At the recent WWW2009 Conference, a group from Cornell University presented a paper that investigated roughly 35million geotagged photos available on Flickr and showed an analysis based on text tags, image data, and geospacial data to reveal geographic and visual information about the world.
For instance, their findings show that the Fifth Avenue Apple Store, which opened in May 2006, is more popular than many other well-known tourist sites such as St Paul’s Cathedral in London, the Reichstag in Berlin and the Washington Monument in the US capital.
The paper is available as a PDF for your viewing pleasure.
Mapping the World’s Photos: Extensive Flickr Photo Analysis – information aesthetics.
@Maitri
I’m sure what you describe is a major point of contention, more than being a more popular tourist site, it’s a more popular “geek-centric” tourist site.
But I think they’re attempting to counter the lack of geotag data with the text tags & basic image recognition/similarity checks. However, the fact that Flickr isn’t really a good metric of visitors still holds.

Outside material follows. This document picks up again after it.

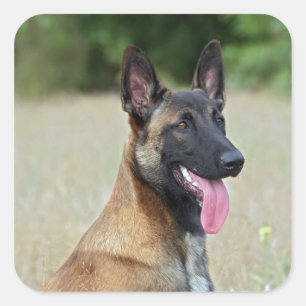 malinois vierkante sticker
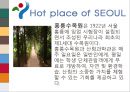도시소개 - 서울에 대해서 (Welcome to SEOUL).ppt 15페이지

I don’t think geotagged photos are an accurate metric of visitors.If I’d taken a picture of the Washington Monument and NOT geotagged it, it would not have appeared in this study, right? What if there are indeed more visitors to these places than the 5th Ave Apple Store and the nerds who took pictures at the Apple Store simply have their geotagging feature set to On and/or post their pictures to Flickr more than the others do?